Each time a new codon is exposed:
  • A matching tRNA binds to the codon
  • The existing amino acid chain (polypeptide) is linked onto the amino acid of the tRNA via a chemical reaction
  • The mRNA is shifted one codon over in the ribosome, exposing a new codon for reading
    Elongation has three stages: 1) The anticodon of an incoming tRNA pairs with the mRNA codon exposed in the A site. 2) A peptide bond is formed between the new amino acid (in the A site) and the previously-added amino acid (in the P site), transferring the polypeptide from the P site to the A site. 3) The ribosome moves one codon down on the mRNA. The tRNA in the A site (carrying the polypeptide) shifts to the P site. The tRNA in the P site shifts to the E site and exits the ribosome.
    Elongation has three stages:
    1) The anticodon of an incoming tRNA pairs with the mRNA codon exposed in the A site.
    2) A peptide bond is formed between the new amino acid (in the A site) and the previously-added amino acid (in the P site), transferring the polypeptide from the P site to the A site.
    3) The ribosome moves one codon down on the mRNA. The tRNA in the A site (carrying the polypeptide) shifts to the P site. The tRNA in the P site shifts to the E site and exits the ribosome.
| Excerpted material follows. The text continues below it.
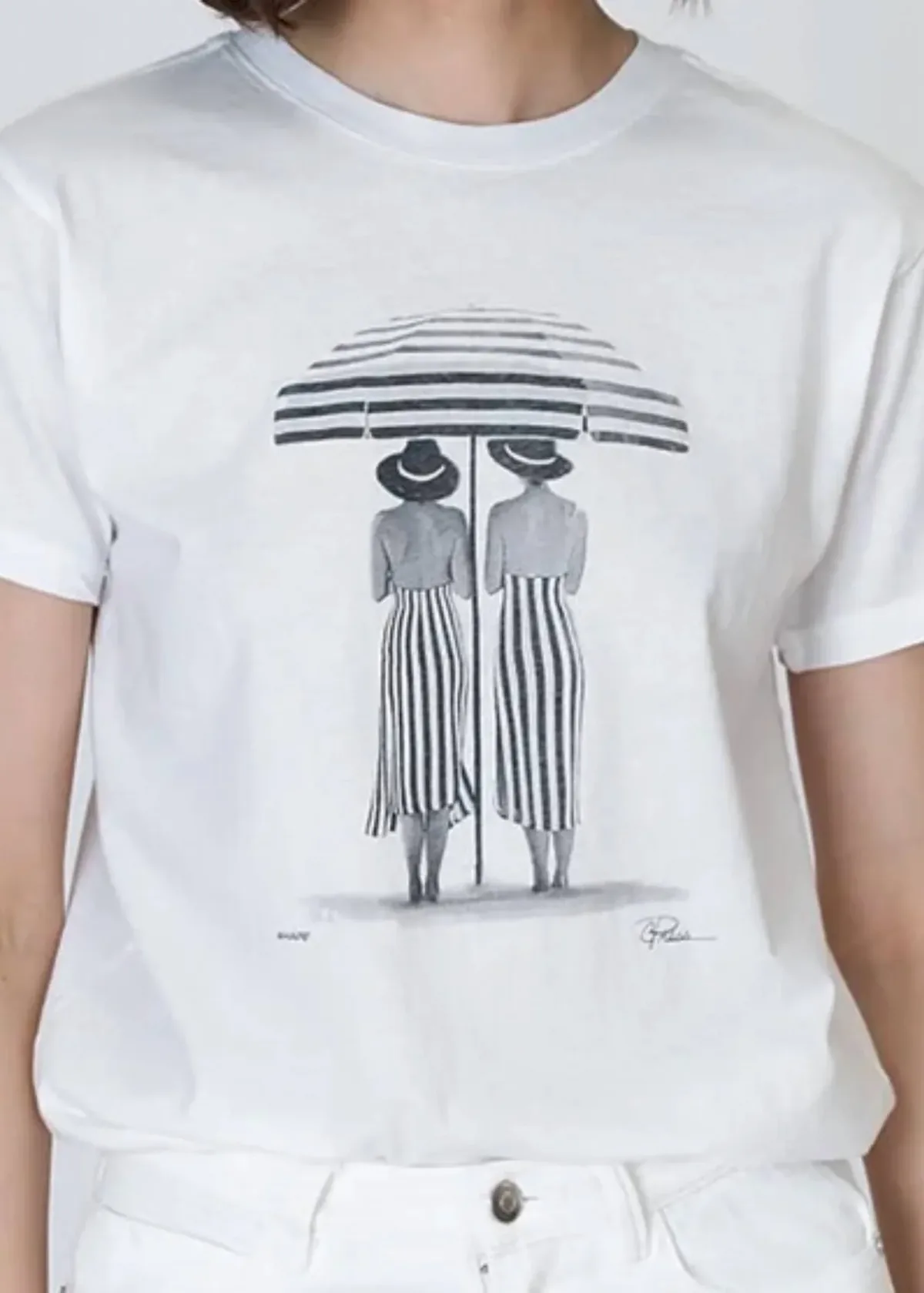 Studio Shade Mushie Tee in Worn White by CPress Studio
During elongation, tRNAs move through the A, P, and E sites of the ribosome, as shown above. This process repeats many times as new codons are read and new amino acids are added to the chain.
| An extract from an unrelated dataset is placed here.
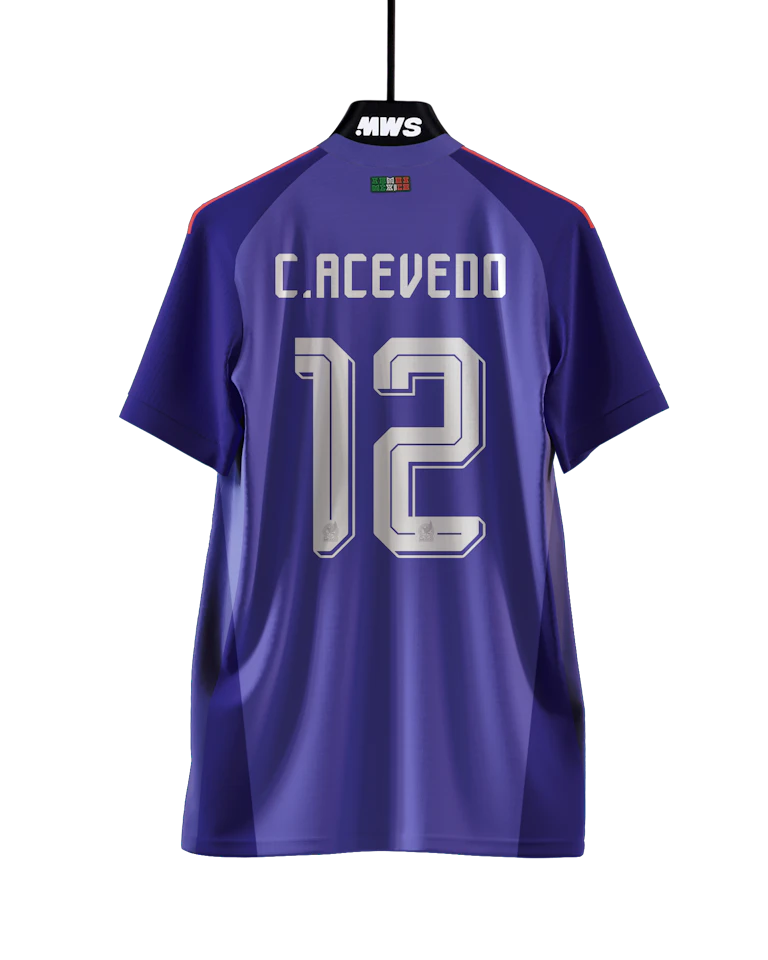 Carlos Acevedo  Mexico camisa.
For more details on the steps of elongation, see the stages of translationarticle.

Finishing up: Termination

Termination is the stage in which the finished polypeptide chain is released. It begins when a stop codon (UAG, UAA, or UGA) enters the ribosome, triggering a series of events that separate the chain from its tRNA and allow it to drift out of the ribosome. After termination, the polypeptide may still need to fold into the right 3D shape, undergo processing (such as the removal of amino acids), get shipped to the right place in the cell, or combine with other polypeptides before it can do its job as a functional protein.